One of the examples really stands out for its complexity and actuality. Bread loafs have different cuts on top. Bakeries use their own distinctive pattern to mark their products. This way they know what kind of recipe was used to bake it, and which store it has to go to. Making cuts on the top side of the dough before baking is a simple task for a human, but not so easy for a robot. If the robot wants to cut the dough precisely, it needs the precise trajectory of its knife. But dough position and shape varies.
How can this be dealt with? The best way is to perform a 3D measurement of the dough. For this purpose, a laser line projector, an FPGA-based camera with laser triangulation core, which does image processing and outputs only profiles instead of images, are needed.

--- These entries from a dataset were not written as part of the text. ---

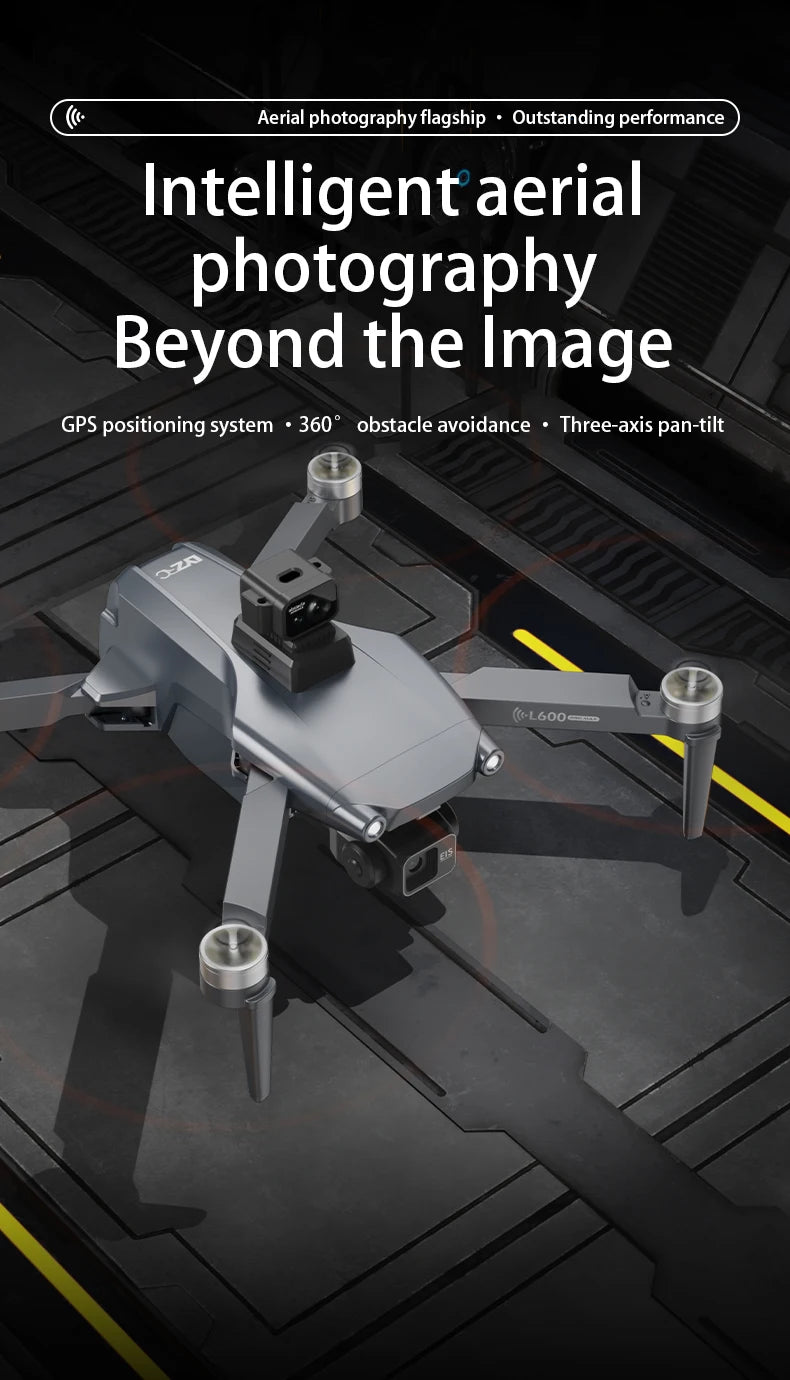 8K FPV Camera Drone with Laser Obstacle Avoidance and 3-Axis Gimbal Tidesmit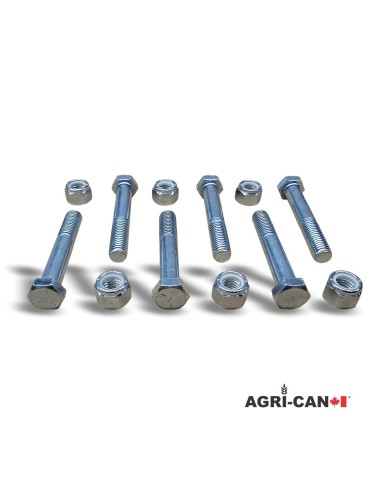 Boulons pour tige à foin John Deere Frontier -...
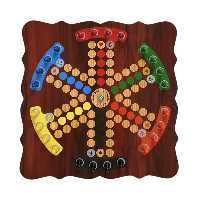 بازی فکری مدل منچ و مارپله شش نفره | چاوه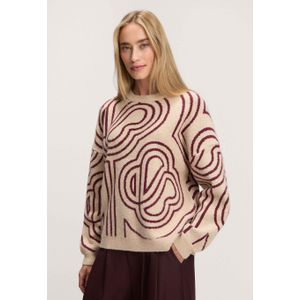 Silvercreek - Pilar - Trui - Oversized - Lange Mouwen - All-over Monogram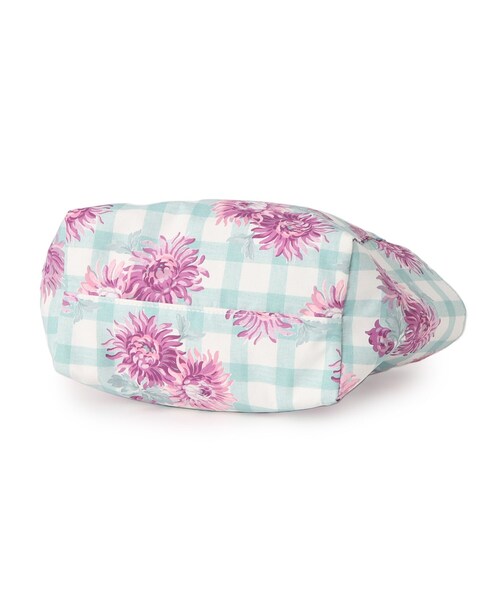 LAURA ASHLEY（ローラアシュレイ）の「【UK本国一推し柄】バーンズフィールド柄 ランチトートバッグ（トートバッグ・レディース・ピンク系5/グリーン系その他2・00）」の12枚目の写真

These profiles are used to generate a 3D model of dough in its real coordinates. Such a 3D model is basis for calculation of robotic knife trajectory. It's as simple as that.
In order remain competitive the rest of the world, crop harvesting in Europe is becoming a fully automated process. How can we make sure that the individual vegetables or pieces of fruit are of good quality and ready to be sold? A single rotten item in a crate or basket can spoil all the others before they reach customers. Computer vision can be employed to solve this problem.
People usually rely on the colour of vegetables to determine their quality. For this application, the colour reproduction of a vision system’s camera is essential. In such a camera, sensors with high resolution and brilliant colours have to be used.
When this camera is FPGA-based, the on-board FPGA contains an image processing engine to distinguish between good and bad vegetables. The camera passes information on the quality of the product to a controller, which throws away rotten ones, or sorts products in different baskets.